Acosta, in quattro frasi, ha spiegato di aver preso quattro secondi di cui tre e mezzo principalmente dovuti a un problema meccanico. Davanti gli sono arrivati solo sette piloti, di cui uno con l’Aprilia, Aleix, uno con la KTM (Brad Binder) e cinque con una Ducati (le due Gresini, le due ufficiali e la Pramac di Martín). È poca gente. Il tutto, mantenendo l’ottava posizione guadagnata in qualifica, che significa avere visione di gara e non solo esplosività sul giro secco: “È andata benissimo, anche andare direttamente in Q2, cosa che in Moto2 a volte mi riusciva difficile. Andiamo a migliorare, penso che nella gara lunga potremo fare meglio anche nel primo giro, anche con un’altra mentalità: oggi tutti sono andati a fuoco dall’inizio, la domenica con un po’ più di calma all’inizio possiamo fare un po’ meglio”.
Quando gli chiedono se i test l’hanno aiutato, lui con una schiettezza disarmante risponde che in realtà sarà più che altro il contrario, perché lavorare sulla messa a punto è il suo grosso limite in questa MotoGP: “Sicuro fare i test qui in Qatar mi ha aiutato tanto, Portimão sarà il primo circuito in cui partiremo davvero da zero. È vero anche che con tutte le informazioni che abbiamo ricavato dai test e da questa gara possiamo arrivare anche più preparati sia di elettronica che di setting per il Portogallo. Setting ed elettronica per ora sono i nostri punti deboli, perdiamo tanto tempo a sistemarli per il mio stile. Ma penso che con tutte le informazioni che stiamo raccogliendo si potrà fare un bello step”.
Infine, la perla che chiude il collegamento: “La cosa che mi ha impressionato di più rispetto alla Moto2? Alla fine, quando metti il launch control e vedi che hai Pecco Bagnaia davanti, Marquez a destra, Binder davanti… Ti dici cazzo.

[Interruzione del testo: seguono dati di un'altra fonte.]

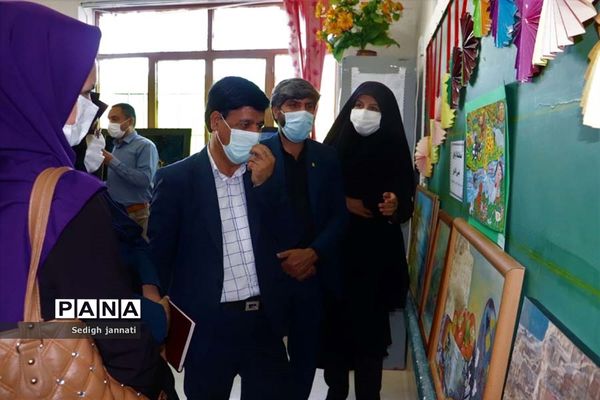 آیین بزرگداشت هفته پیوند اولیا و مربیان در مدارس آباده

Ma che cazzo ci faccio io qua”.
Se volete fare un investimento emotivo su di un pilota da tifare per i prossimi dieci o quindici anni e trovarvi dalla parte di chi vince, Pedro Acosta è la miglior scelta che possiate fare. La grossa domanda adesso è un'altra: quanto sarà riuscito a stupire a fine anno? Perché un titolo all'esordio sembra impossibile, eppure si diceva lo stesso di Marc Marquez nel 2013.